ROANOKE TIMES

                         Roanoke Times
                 Copyright (c) 1995, Landmark Communications, Inc.

DATE: MONDAY, November 20, 1995                   TAG: 9511210047
SECTION: NATIONAL/INTERNATIONAL                    PAGE: A-3   EDITION: METRO 
SOURCE: Associated Press
DATELINE: NEW YORK                                LENGTH: Medium


CBS DEFENDS ITS DECISION TO SNUFF TOBACCO INTERVIEW ON `60 MINUTES'

CBS News on Sunday defended its decision to spike a ``60 Minutes'' interview about the tobacco industry, saying the piece posed enough legal risk to justify blocking its broadcast.
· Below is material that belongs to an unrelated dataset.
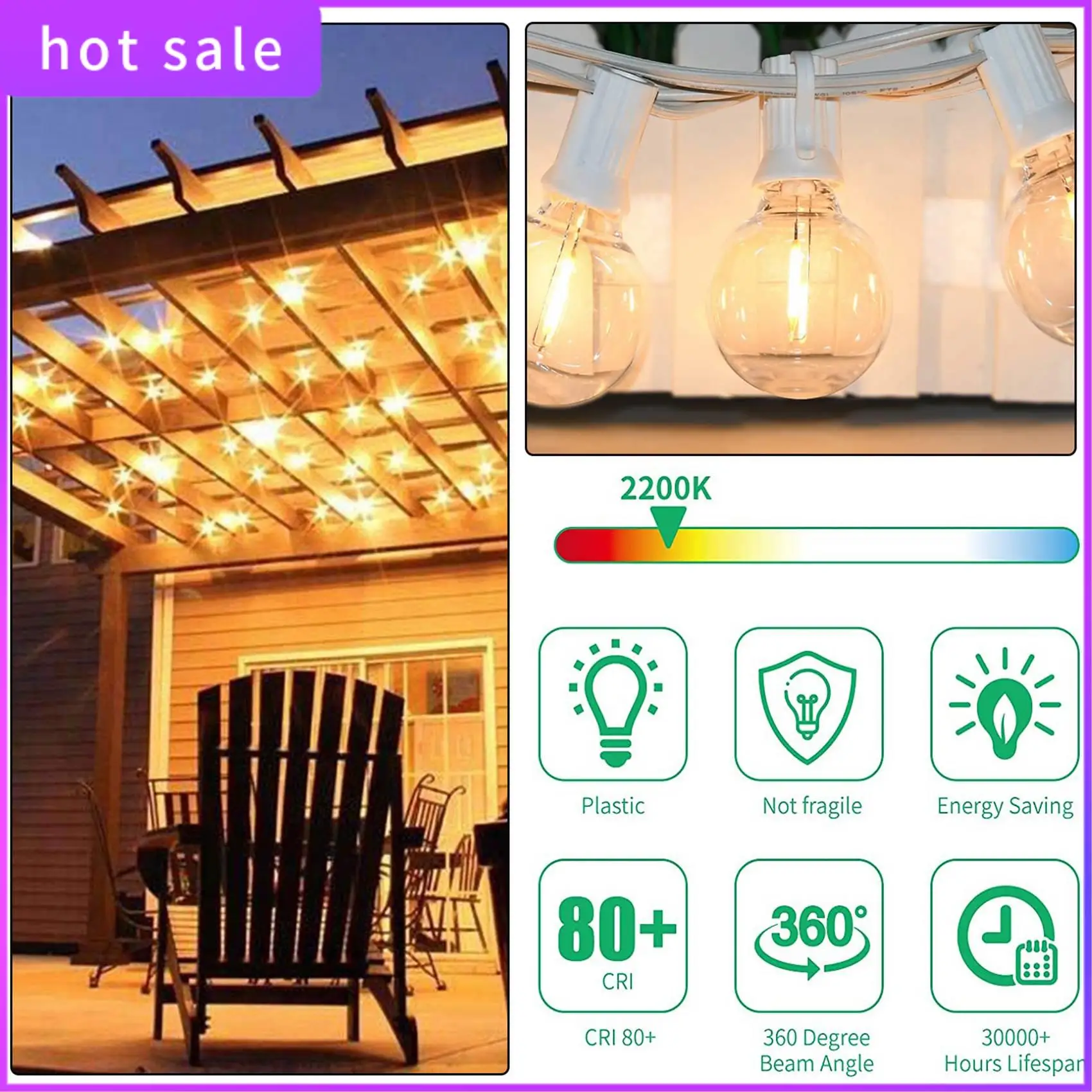 

LICG-3Pcs G40 Led Replacement Light Bulbs, E12 Screw Base Shatterproof LED Globe Bulbs For Solar String Lights Warm White
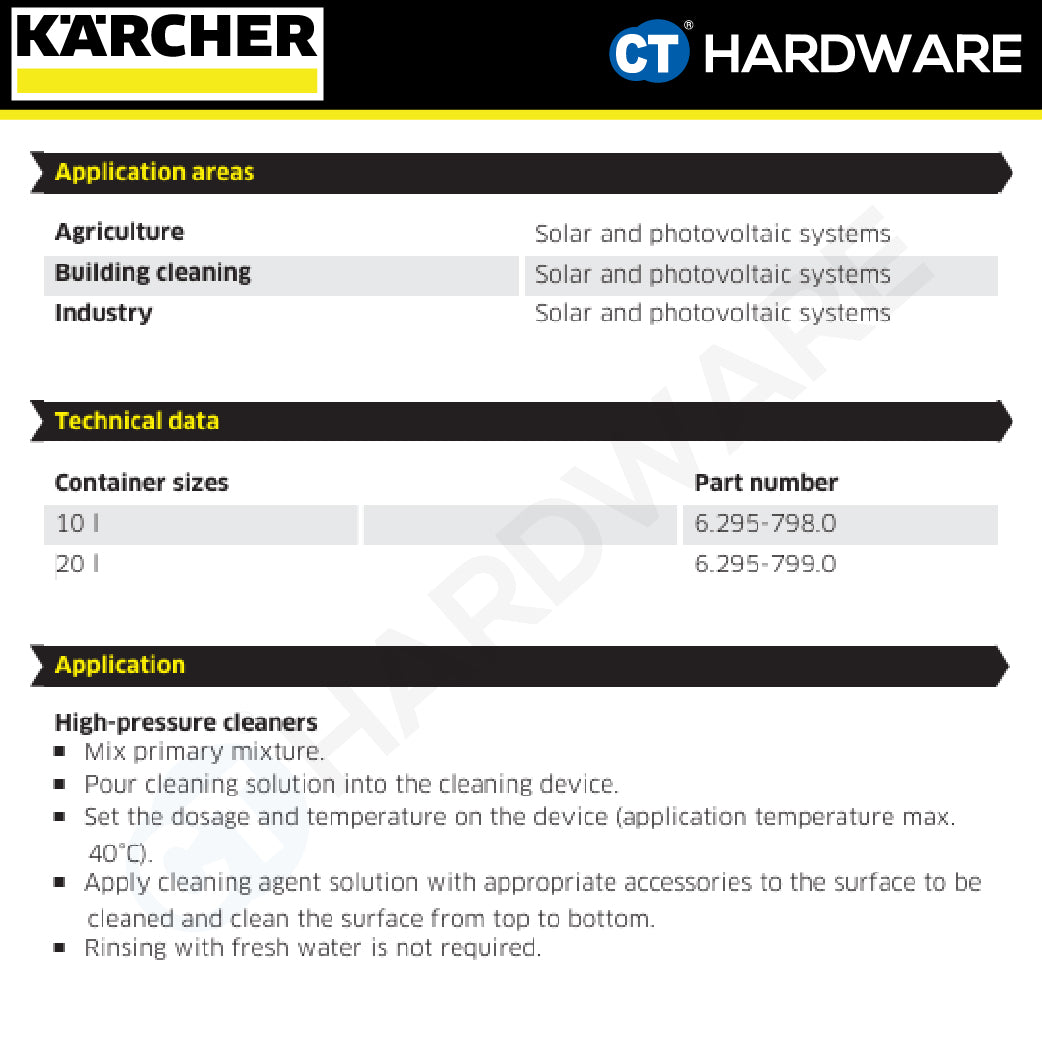 Karcher 62957980 PressurePro Solar Cleaner RM 99 10 Litres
In a memo to company employees, CBS News President Eric Ober said some of the reaction to management's decision was ``highly inappropriate,'' and he urged staffers to put the controversy behind them.
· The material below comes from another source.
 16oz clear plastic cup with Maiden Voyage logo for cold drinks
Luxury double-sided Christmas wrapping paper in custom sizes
``The decision not to air the interview with a former tobacco industry executive, albeit controversial, was correct,'' Ober wrote in CBS's first extensive statement on its decision to withhold the story.
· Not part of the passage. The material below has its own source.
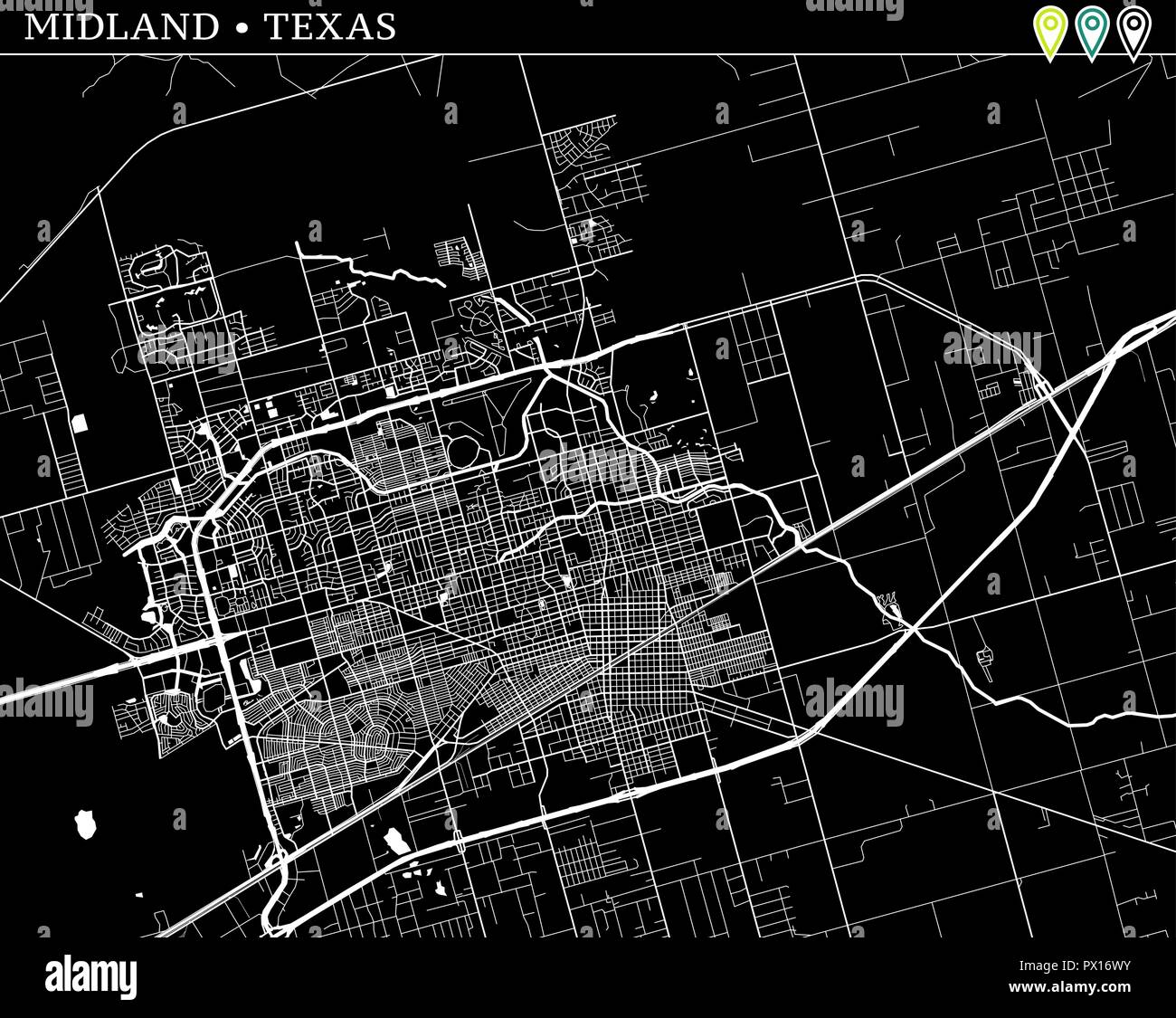 Map of midland hi-res stock photography and images - Alamy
``We believe that the news-gathering process on the story was in every respect sound and appropriate. However, we also believe that the story raised some journalistic questions and posed significant legal risk to warrant making the decision not to air the interview,'' Ober said.

The New York Times reported Nov. 9 that CBS News managers killed the ``60 Minutes'' interview with a former tobacco company executive because they feared, in part, that they would be held legally responsible for violating the man's confidentiality agreement with his former employer, Brown & Williamson.

The news magazine ultimately ran a story on how tobacco companies control information about the industry. Media critics accused CBS News of buckling under the mere threat of costly litigation.

The Los Angeles Times reported Sunday that the attorney for the former tobacco company executive said he expects the source to repeat in a court deposition charges he reportedly made in the CBS report that never aired.

Sources confirm that the former executive is Jeffrey Wigand, now a high school teacher in Louisville, Ky. Wigand will offer testimony highly critical of the tobacco company when he gives a deposition Wednesday in a lawsuit brought by the state attorney general of Mississippi, said his attorney, Richard Scruggs.

Wigand was vice president of research and development when Brown & Williamson fired him in 1993, according to Scruggs.